Eric Siegel, LCSW, EACF, is a counselor, and an epilepsy patient himself. For periods of 10 to 30 seconds, usually several times each day, normal lines of communication seem to go down in his brain. "All I can hear is gibberish, including my own thoughts," he says.

Still, Siegel considers himself lucky -- having gained perspective after attending a group support meeting following his diagnosis. "One thing that helped me come to terms with it ... there was a woman who wore a helmet all the time," he says, because she never knew when a seizure might happen. "That gave me some perspective."

In the Italian study, published in the August issue of the journal Epilepsia, researchers compared a group of nonepileptics to epileptics from seven countries -- Italy, Germany, Spain, the Netherlands, England, Portugal, and Russia. Country-to-country variations notwithstanding, they found epileptics more likely to be single and unemployed, and to not have a driver's license or participate in sports. Having the seizures under control generally meant a better chance of having a better job -- as well as a driver's license.

That is no surprise to Chuck Carmen, executive director of the Epilepsy Association of Central Florida. "Every state is different, but in Florida you have to go one year seizure-free under a doctor's care [before you can get a license]." Carmen says the rule sometimes creates a dilemma for epileptics: Because they need to get around, they may debate whether or not to tell their doctor about a recent seizure.

Martha Morrell, MD, chair of the Epilepsy Foundation, says her group recently conducted a survey in which it asked people: "What's the hardest thing about having epilepsy?" The first response was having seizures. The second was difficulty with driving.

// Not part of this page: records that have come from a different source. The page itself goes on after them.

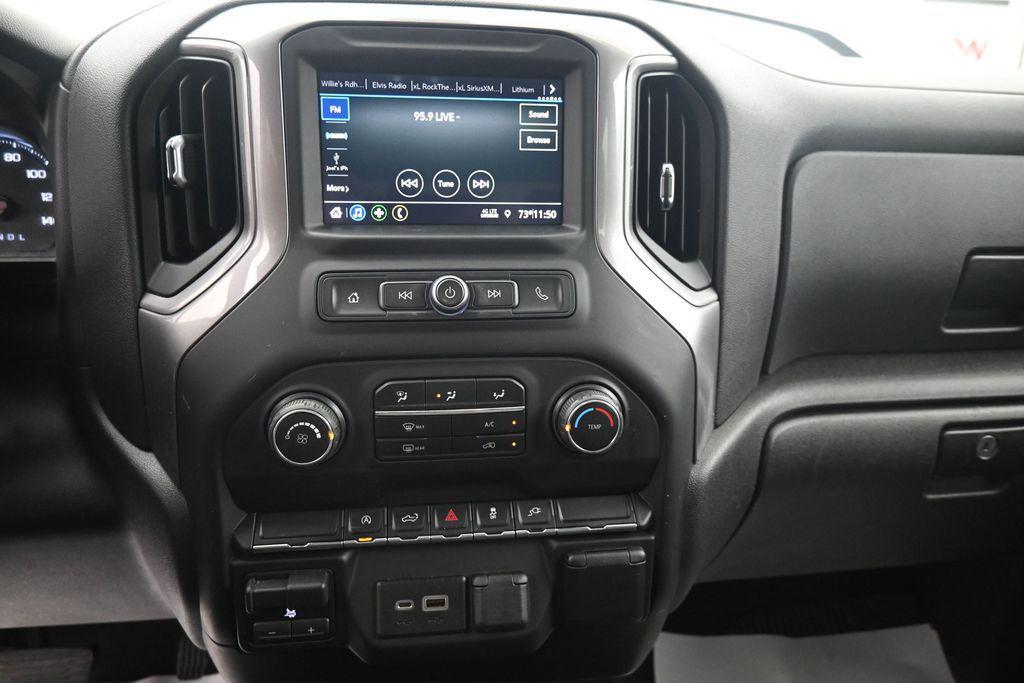 used 2021 Chevrolet Silverado 1500 car, priced at $30,941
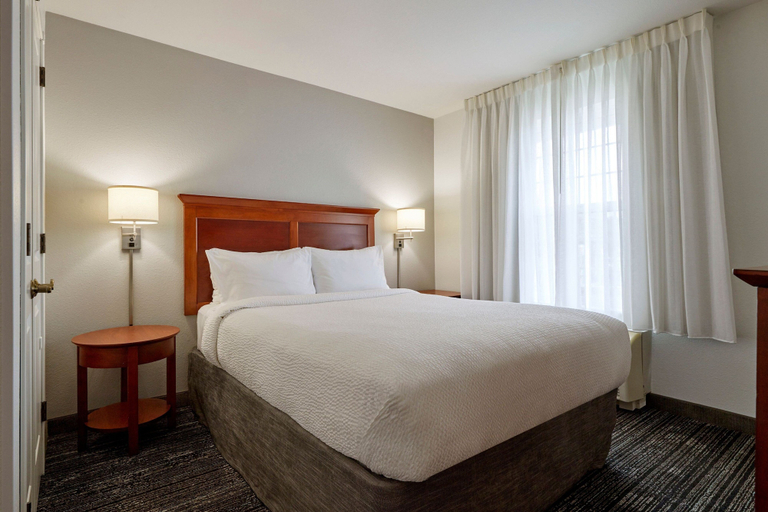 Bedroom 2, TownePlace Suites by Marriott Medford, Jackson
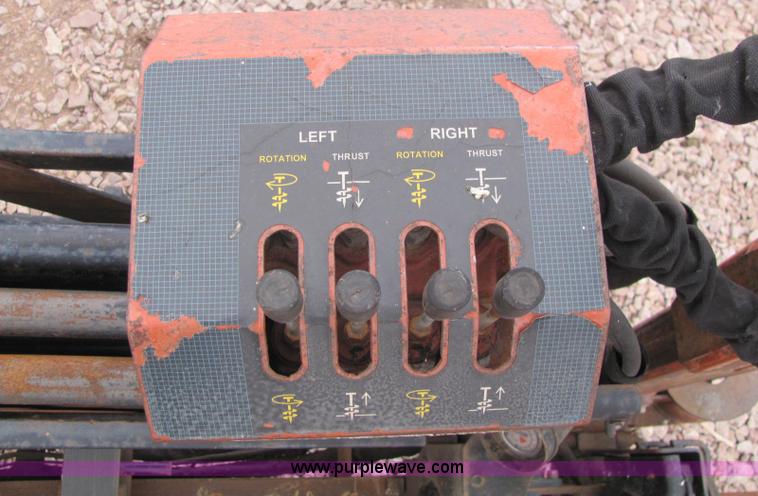 image for item C3063 1998 Ditch Witch JT920L directional boring machine
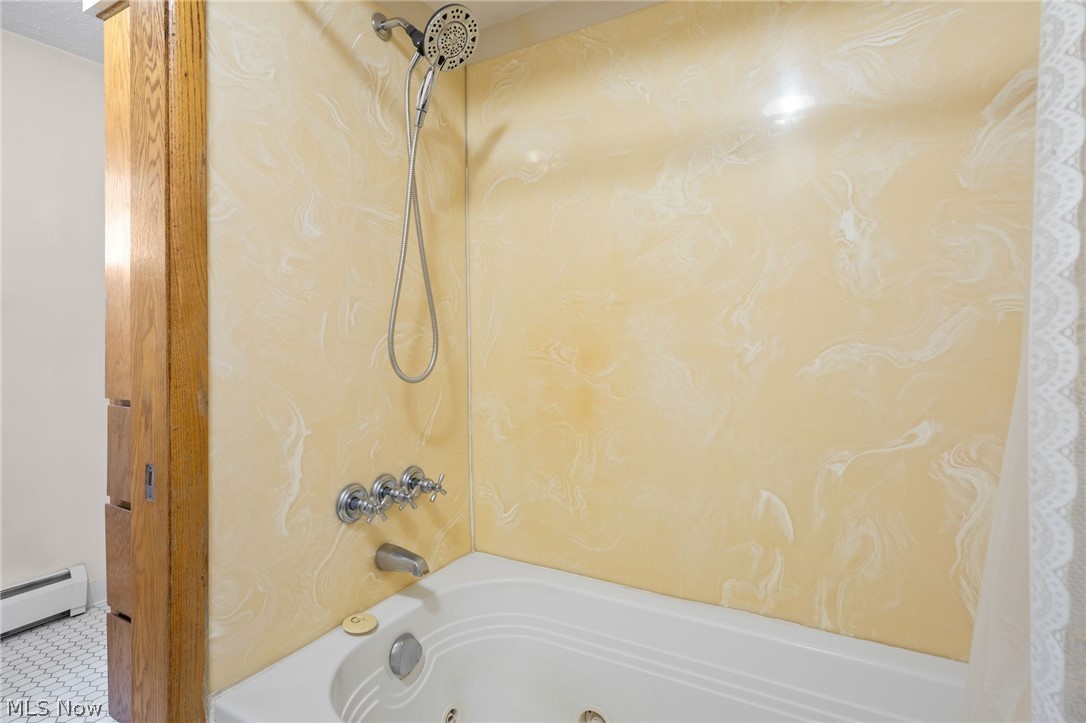 1263 Steve Drive Akron OH 44319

Carmen says the driver's license issue is a huge one for epileptics, because it can affect their livelihood: "Epileptics walk on a tightrope. They very definitely do."

Morrell, who is also a professor of neurology at Columbia University in New York and chief of the Columbia Comprehensive Epilepsy Center, agrees, saying that the Epilepsy Foundation survey found a quarter of epileptics unemployed, even though the economy is booming -- and for the vast majority, it had nothing to do with their ability to work. "In most cases, we believe it's because of what the employer is afraid might happen -- not what [actually] has happened," she says.